**Work to be completed**
Repeat the lines of the data exactly and exclude any picture among them.

___ Stored data

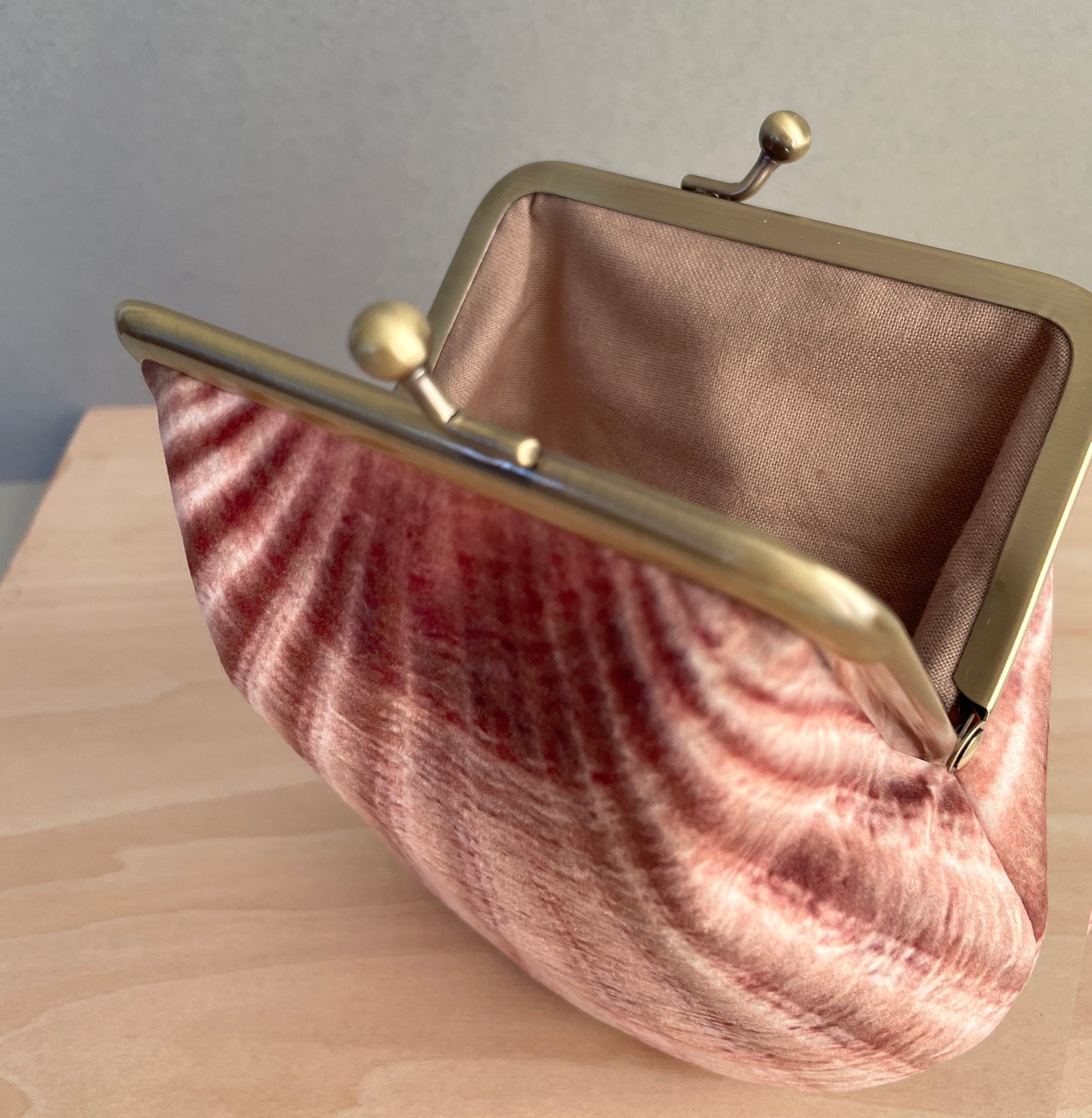 Seashell medium size printed velvet coin purse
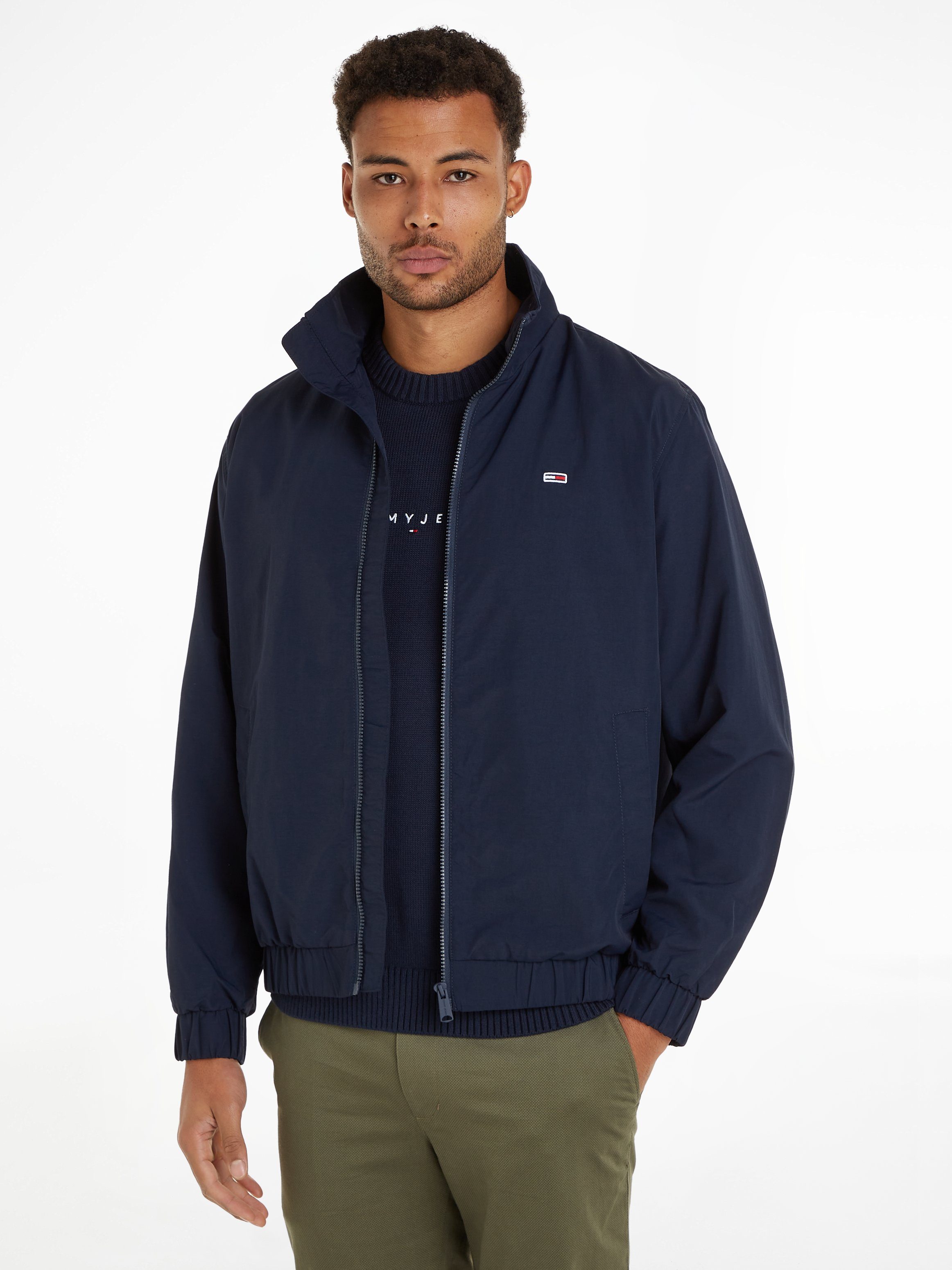 TOMMY JEANS Kort jack TJM ESSENTIAL JACKET EXT Bomberjack met staande kraag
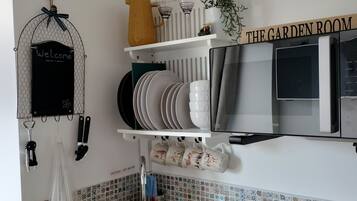 Apartemen | Dapur pribadi | Lemari es, microwave, kompor, dan ketel listrik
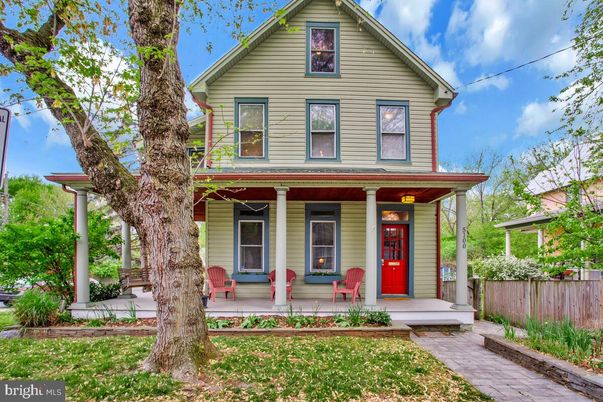 Exterior, Facade, Queen Anne Victorian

______

**The completed task**
 Seashell medium size printed velvet coin purse
 TOMMY JEANS Kort jack TJM ESSENTIAL JACKET EXT Bomberjack met staande kraag
 Apartemen | Dapur pribadi | Lemari es, microwave, kompor, dan ketel listrik
 Exterior, Facade, Queen Anne Victorian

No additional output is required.